And Chattraman fell to his knees and wept into her golden fur, and when he rose again she led him to a great fat goose, which only sat and fluttered its wings as he took aim and shot. Then he cut its throat and let the blood drain away into the soil, and the Doe smiled and left him.

He returned the next day, and the next, and the next, and every day the beautiful Doe led him to a willing beast, which died silently and easily under his arrows, club, or knife-- for he need not often waste arrows on unmoving, unresisting prey. And each day he returned with enough meat to feed his family, enough and enough to share, and his mother and sisters wept with joy, and the horrors of the famine no longer touched them with its skeletal hands.

But he did not tell them of the Doe in the jungle, for there were still those who went hungry, and he did not wish to tempt them with the thought of her tender flesh. So he kept the means by which he provided his bounty a secret, and his family and the villagers admired his great skill and silent tracking, for did he not always bring home a kill? And was it not always the fattest and fleshiest bird or beast-- and in this time of hunger, when even the sparrows could not find grain enough for their meals?
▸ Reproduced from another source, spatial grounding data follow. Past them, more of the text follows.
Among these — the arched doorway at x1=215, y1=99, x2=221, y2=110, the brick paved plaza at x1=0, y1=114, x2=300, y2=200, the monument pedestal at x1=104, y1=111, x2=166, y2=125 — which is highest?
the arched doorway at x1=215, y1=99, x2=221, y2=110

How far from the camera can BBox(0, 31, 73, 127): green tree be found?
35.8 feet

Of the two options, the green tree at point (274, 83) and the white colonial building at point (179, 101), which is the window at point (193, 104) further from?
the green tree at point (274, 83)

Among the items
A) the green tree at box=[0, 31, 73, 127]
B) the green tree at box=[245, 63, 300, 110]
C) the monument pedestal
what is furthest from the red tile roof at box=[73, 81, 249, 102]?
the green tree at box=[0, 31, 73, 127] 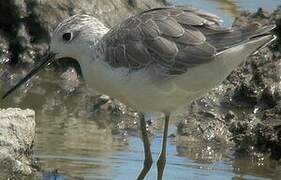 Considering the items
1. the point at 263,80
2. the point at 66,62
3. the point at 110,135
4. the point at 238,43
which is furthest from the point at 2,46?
the point at 238,43

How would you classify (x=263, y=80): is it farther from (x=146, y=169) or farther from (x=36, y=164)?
(x=36, y=164)

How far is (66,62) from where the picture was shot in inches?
494

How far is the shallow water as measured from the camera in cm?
924

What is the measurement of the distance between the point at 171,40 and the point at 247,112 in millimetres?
3191

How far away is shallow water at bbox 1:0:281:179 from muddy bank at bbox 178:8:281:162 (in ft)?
0.52

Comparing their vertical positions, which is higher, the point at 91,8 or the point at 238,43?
the point at 91,8

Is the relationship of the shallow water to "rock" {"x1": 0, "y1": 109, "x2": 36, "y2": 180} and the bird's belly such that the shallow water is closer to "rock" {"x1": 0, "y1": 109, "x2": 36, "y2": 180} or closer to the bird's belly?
"rock" {"x1": 0, "y1": 109, "x2": 36, "y2": 180}

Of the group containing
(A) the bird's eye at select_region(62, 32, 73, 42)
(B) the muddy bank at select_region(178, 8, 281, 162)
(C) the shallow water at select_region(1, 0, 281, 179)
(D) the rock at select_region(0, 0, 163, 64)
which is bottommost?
(C) the shallow water at select_region(1, 0, 281, 179)

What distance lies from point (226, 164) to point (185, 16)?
6.40 ft

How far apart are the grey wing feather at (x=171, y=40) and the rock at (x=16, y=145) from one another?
2.98 ft

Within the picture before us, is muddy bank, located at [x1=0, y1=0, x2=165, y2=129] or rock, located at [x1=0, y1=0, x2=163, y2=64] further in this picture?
rock, located at [x1=0, y1=0, x2=163, y2=64]

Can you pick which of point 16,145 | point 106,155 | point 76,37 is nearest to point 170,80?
point 76,37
Thus it was that, as the days and months passed, Chattraman gained the respect and love of all who knew him, and became known as a great and fearsome hunter, and a man worthy of his Kshatriya lineage. Until the day that the great Maharajah heard of him in his marble palace, and sent for him to come, that he might meet the man whose arrows never missed their target, whose blade never failed to pierce the heart of his prey, and whose bravery in the depths of the jungle was unmatched by any other.

Chattraman arrived at the palace, in his worn and tattered dhoti and riding an old ass, borrowed for his long journey, and could hardly believe what he saw. The royal dwelling was immense, and unlike anything he had ever seen in his village of reed and mud huts. He was greeted by many servants in white, who whisked him away, bathed and oiled him, and dressed him in a fine linen sherwani, for he could not greet the Maharajah dressed as a slave might. When at last he was lead to him, and had made his obeisances, the Maharajah-glittering with jewels, and dressed in red silk embroidered with golden thread-bade him rise, and spoke to him in a voice as rich and unctuous as sesame oil or ghee:

“You are Chattraman. I have heard many tales of your great deeds, and your miraculous providence in finding any quarry you seek. Yet instead of seeking glory, you have only sought to feed your family and your village during this time of great hunger. Thus I see that you are not only a brave hunter, but also a man who follows always the righteous path of dharma.”

Chattraman could only bow his head, and mutter, “Thank you, Maharajah Bahadur-sahib. I am unworthy of your praise.”

“Ah, but that is exactly what I have called you here to find out! For you see, Chattraman, I am growing old, and I am tired of the responsibilities of my kingdom. I wish only to sit in my gardens, and listen to the rush of my fountains, and watch the great peacocks brush the stones of my courtyards with their feathered veils, and eat and drink, and be merry with my wives and concubines. Yet I have no sons to take my place, for though my wives have borne seven sons of my seed, every one has died. You see,” he said, his noble face falling, sagging like a sack of empty grain, “To be an heir-apparent is a dangerous thing, in a royal household, where women and eunuchs are ever plotting assassinations and attempts to increase their own rank and wealth.”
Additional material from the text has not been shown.